3人も、今はドクロ組を抜けて、進路へ向け進んでいる。竹部は時頭が良いから、どこの大学でも行けると言われていたが、水黒の家が運営しているジムの仕事が気に入ったようで、暫くはそこで腰を落ち着けるらしい。水黒はその巨体を生かしてプロの格闘家の道へ進むんだとか。格闘家として日々鍛錬する水黒と、それを支える竹部……コイツらお似合いだなあ。
木柴はというと……将来について酷く迷走しているようで、コイツの前で進路の話は禁句になっている。北条先生から、「そんなに悩むならここの教師目指すか?」と言われている始末。このまま本当になったりして。
皆、思い思いの道を進んでいる。俺達も……そろそろ前を向く時かもしれない。
「んだよテメーら……見世物じゃねー。とっとと失せろバカ」
三好は俺の首に手を回しながら額に青筋を浮かべる。その体勢で言われても、全くスゴみなど無い訳だが。

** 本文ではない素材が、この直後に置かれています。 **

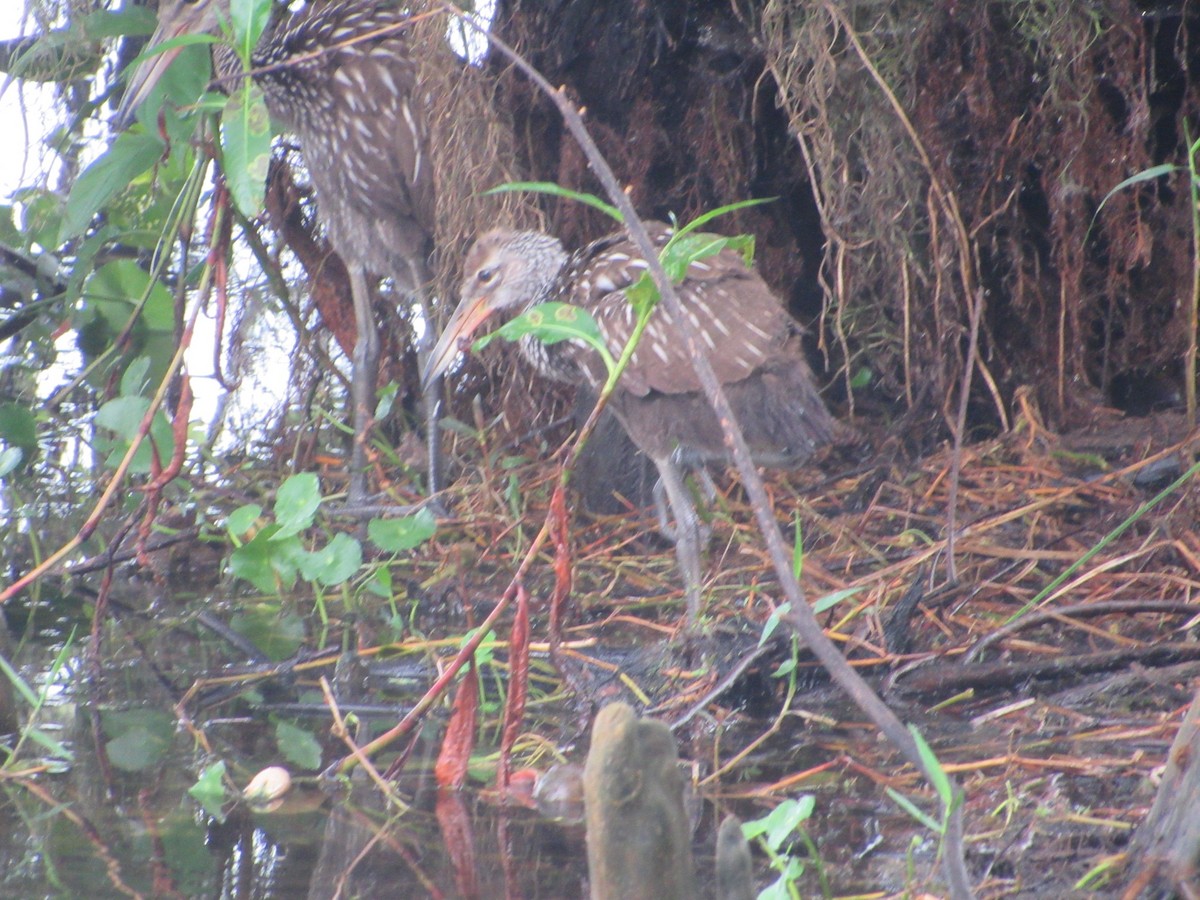 Limpkin (Speckled) - ML575857891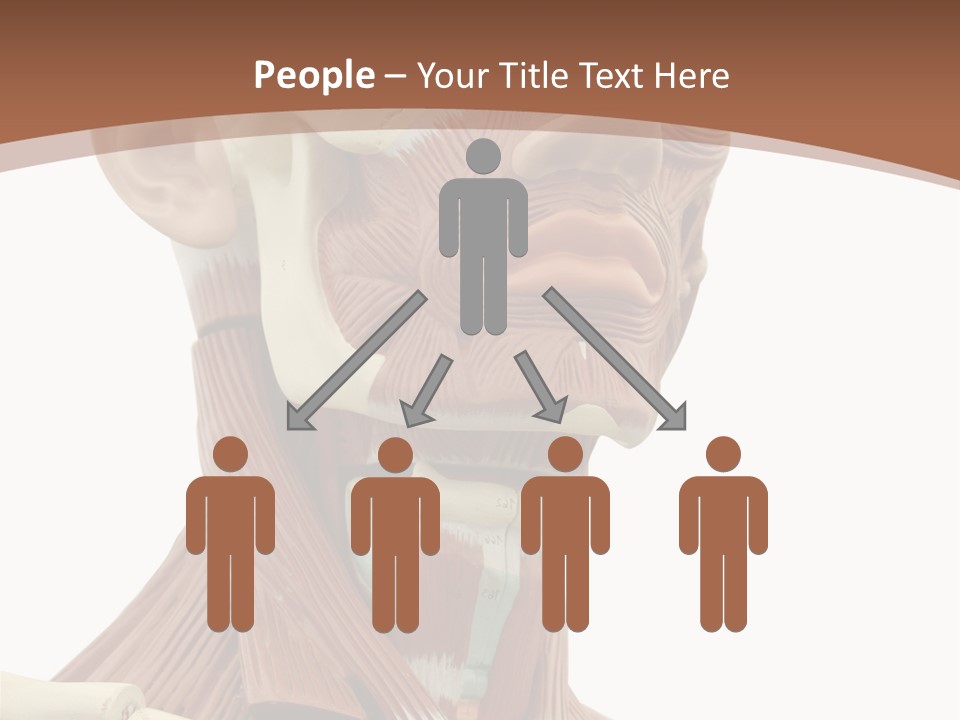 Dummy Background Isolated PowerPoint Template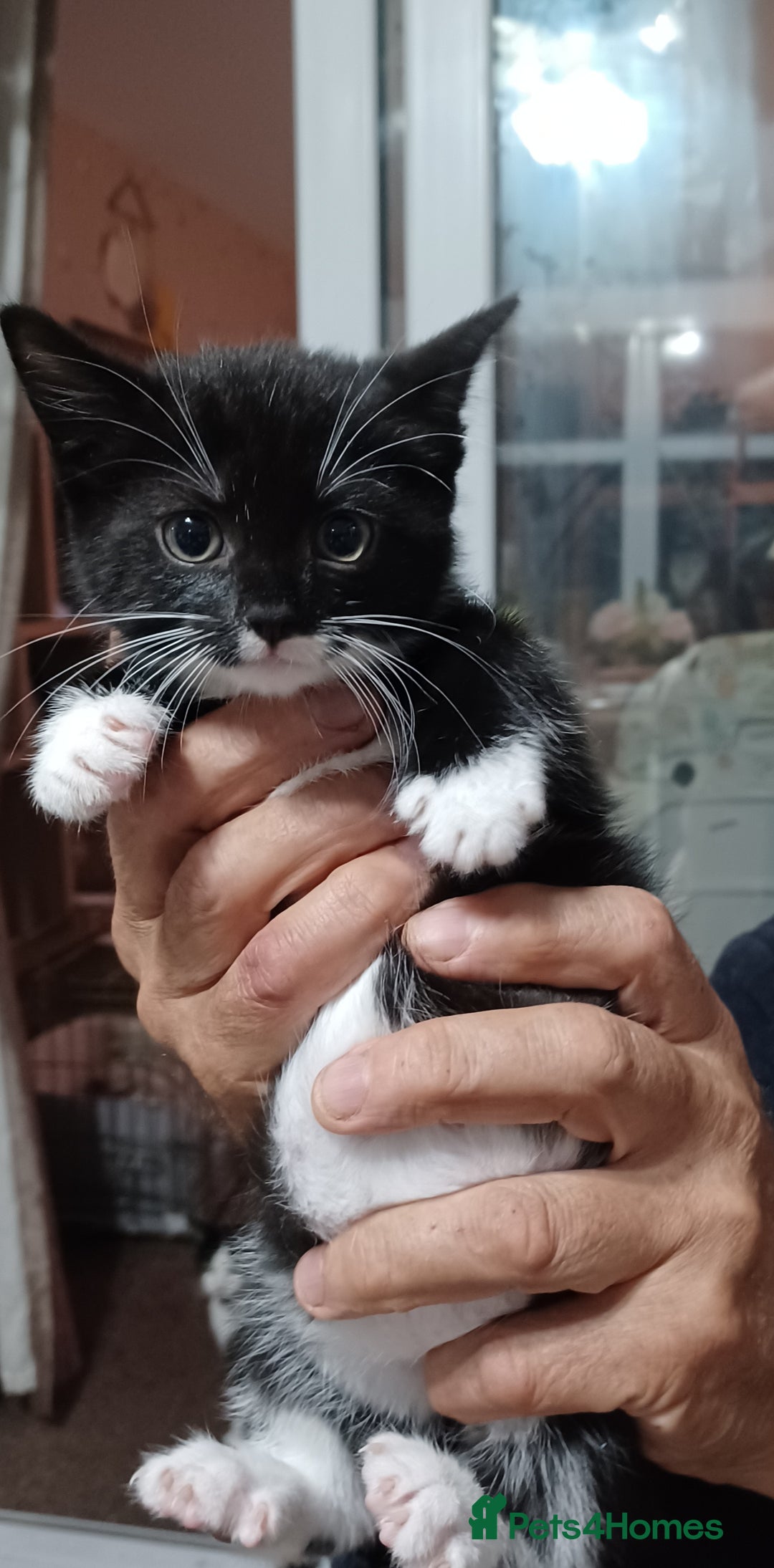 British Shorthair cats for sale: 2 kittens for sale male and female - Image 2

「あ、そういえばそろそろ秋のダンジョー祭りじゃね? 今度の休みいかねーか!?」
「秋ダンかあ、いいねえ。また皆で行こうよっ、でも猿弥はいいの? 進路もロクに決まってないのにフラフラ遊んでて」
「ごぼぶしゃあぁーー!!」
「木柴の目の前でその話はよせ……」
「おー、ダンジョー祭りか……ま、まあ行ってもいい、かな……?」
「お? 七雲はようやっとトラウマが拭えたのか?」
「あ〜……身体貫かれた傷は癒えても、心の傷がまだだったんだね〜」
「いやまあ、カッコ良かったぞ? 威勢良く登場して、結局倒したのは1人だったけど……」
「うるせえ!! 怖くなんかねーよ!!! クソ! とっとと行くぞ佑樹! チクショー!」
「ちょ、今から行くのかよォ──ッ!」
七雲の咆哮がこだまする。やれやれ……騒がしい秋休みになりそうだ。でもまあ、それが好きなんだけど。俺達は進み続ける。未来へ向かってひたすらに──七雲と一緒に、どこまでも。